===== RECORD SET =====
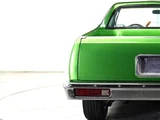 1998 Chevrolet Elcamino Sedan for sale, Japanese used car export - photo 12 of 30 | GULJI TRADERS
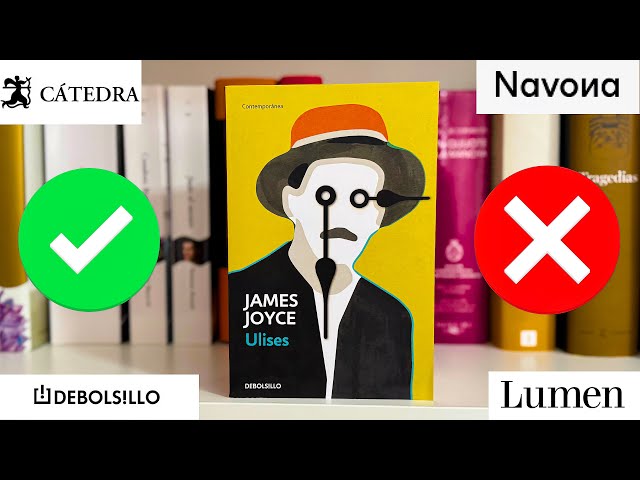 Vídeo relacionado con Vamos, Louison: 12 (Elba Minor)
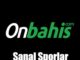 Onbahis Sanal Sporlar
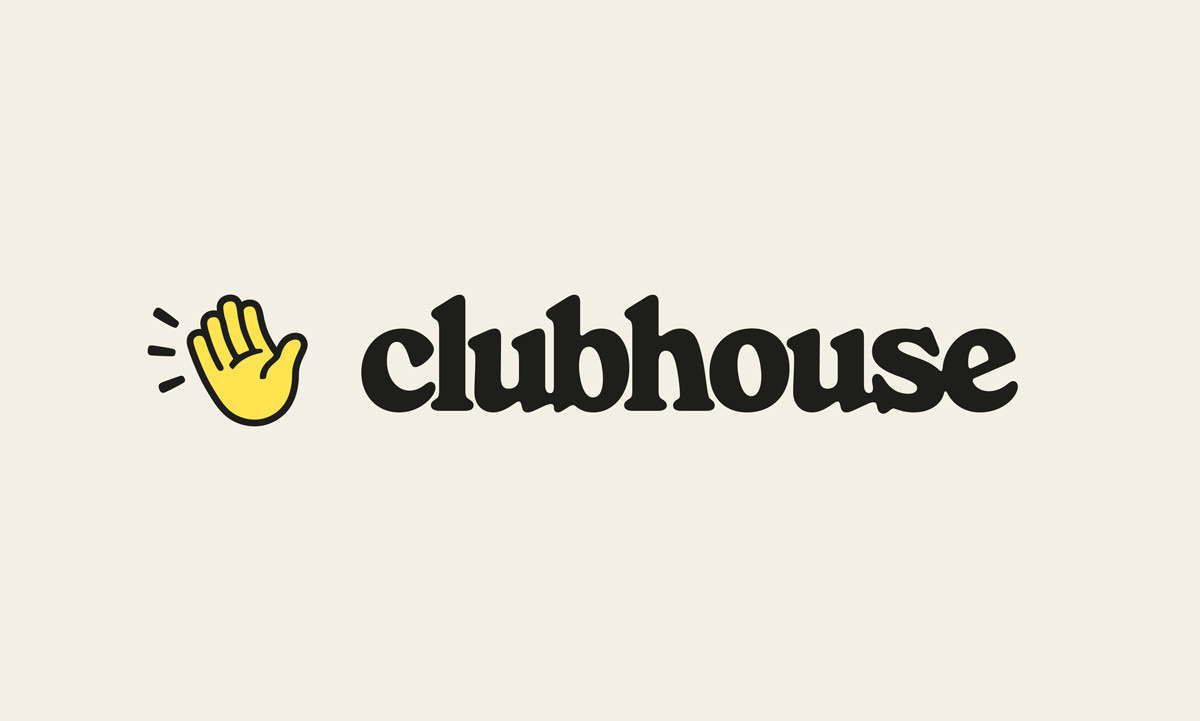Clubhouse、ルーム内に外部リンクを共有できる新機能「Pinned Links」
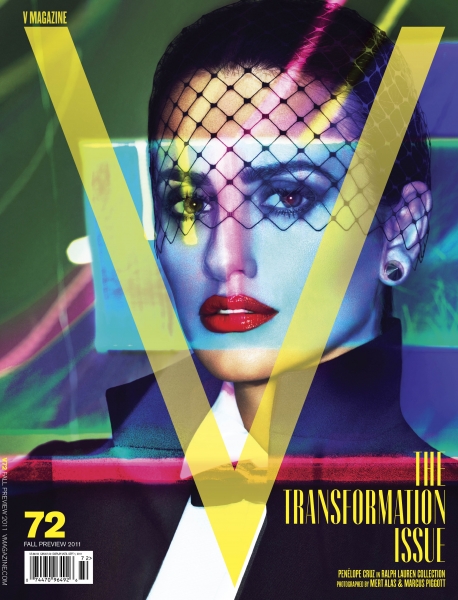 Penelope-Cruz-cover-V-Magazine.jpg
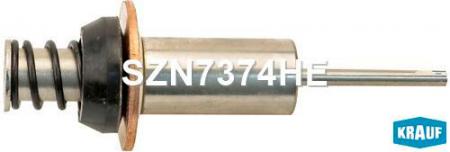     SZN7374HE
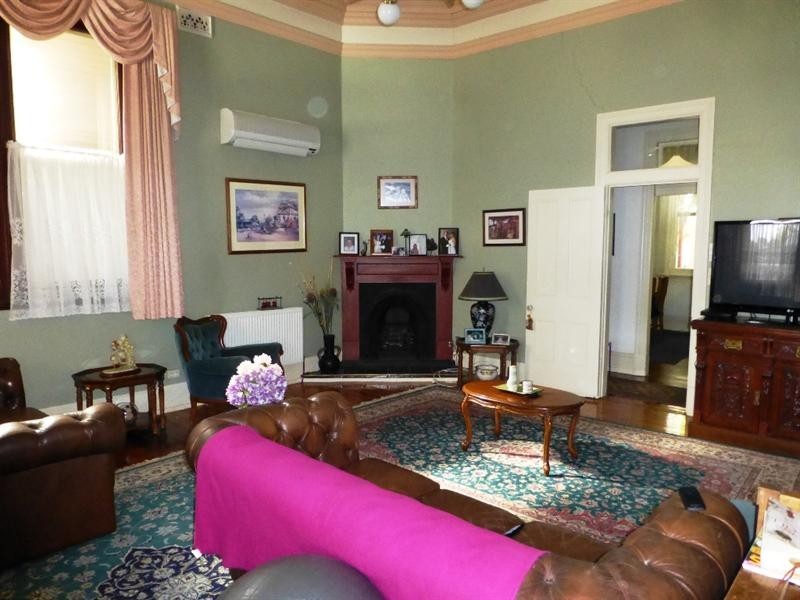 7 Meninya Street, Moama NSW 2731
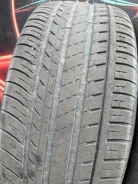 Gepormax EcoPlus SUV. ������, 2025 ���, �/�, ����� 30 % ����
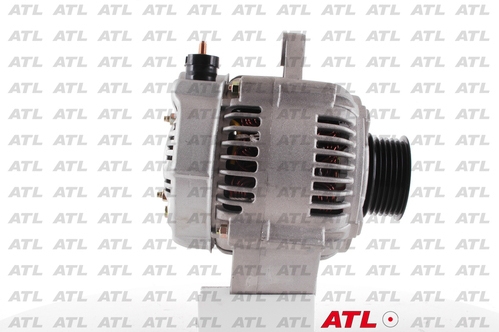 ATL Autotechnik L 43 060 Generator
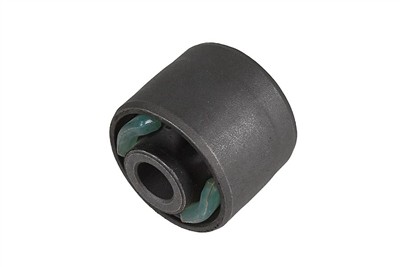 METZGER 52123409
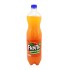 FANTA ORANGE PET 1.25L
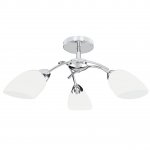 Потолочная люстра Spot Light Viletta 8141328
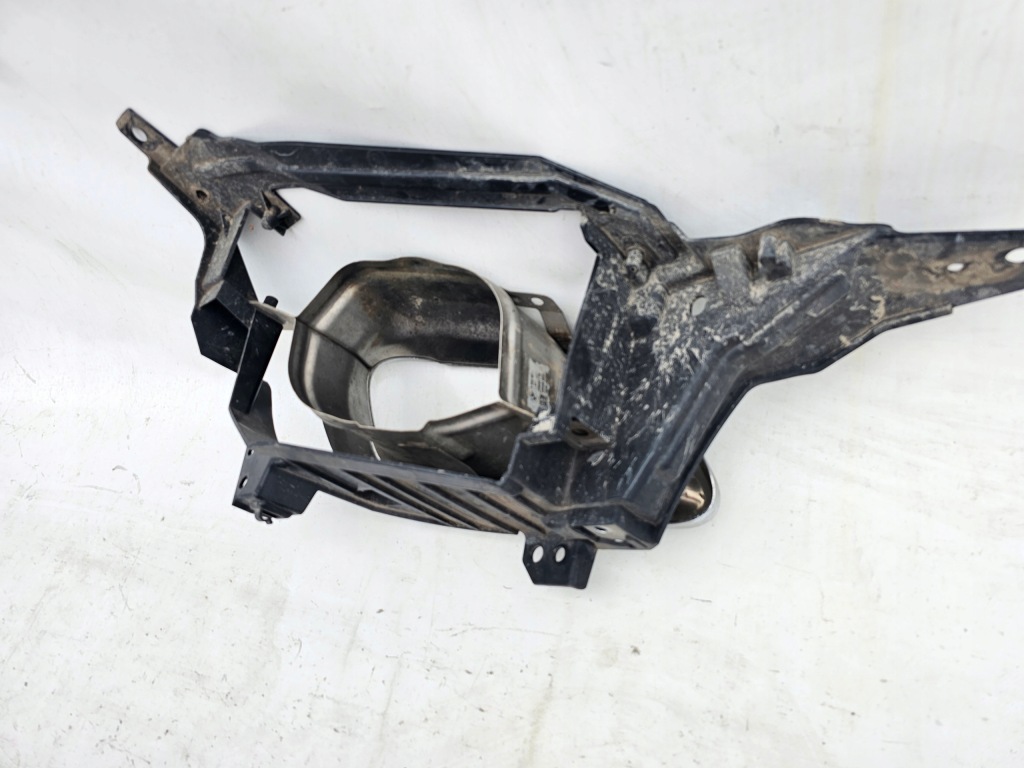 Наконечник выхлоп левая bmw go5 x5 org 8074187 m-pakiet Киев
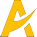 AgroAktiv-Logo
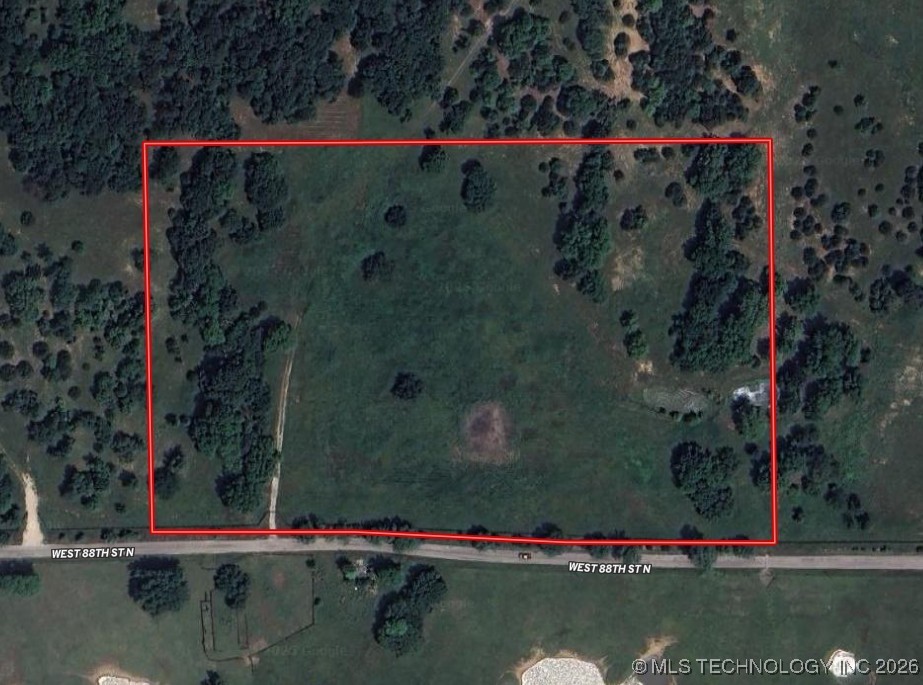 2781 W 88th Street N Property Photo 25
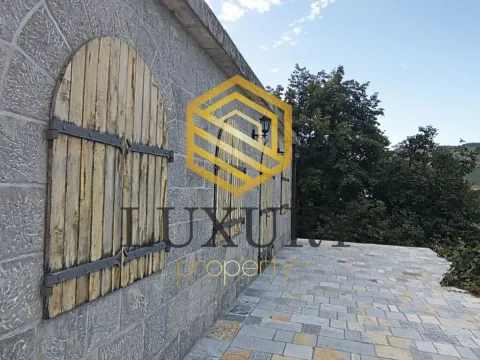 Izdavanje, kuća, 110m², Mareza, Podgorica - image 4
=====
• _TASK ITEM_:
Give the data above back unchanged, except for the pictures.

• _YOUR RESPONSE_:
 1998 Chevrolet Elcamino Sedan for sale, Japanese used car export - photo 12 of 30 | GULJI TRADERS
 Vídeo relacionado con Vamos, Louison: 12 (Elba Minor)
 Onbahis Sanal Sporlar
Clubhouse、ルーム内に外部リンクを共有できる新機能「Pinned Links」
 Penelope-Cruz-cover-V-Magazine.jpg
     SZN7374HE
 7 Meninya Street, Moama NSW 2731
 Gepormax EcoPlus SUV. ������, 2025 ���, �/�, ����� 30 % ����
 ATL Autotechnik L 43 060 Generator
 METZGER 52123409
 FANTA ORANGE PET 1.25L
 Потолочная люстра Spot Light Viletta 8141328
 Наконечник выхлоп левая bmw go5 x5 org 8074187 m-pakiet Киев
 AgroAktiv-Logo
 2781 W 88th Street N Property Photo 25
 Izdavanje, kuća, 110m², Mareza, Podgorica - image 4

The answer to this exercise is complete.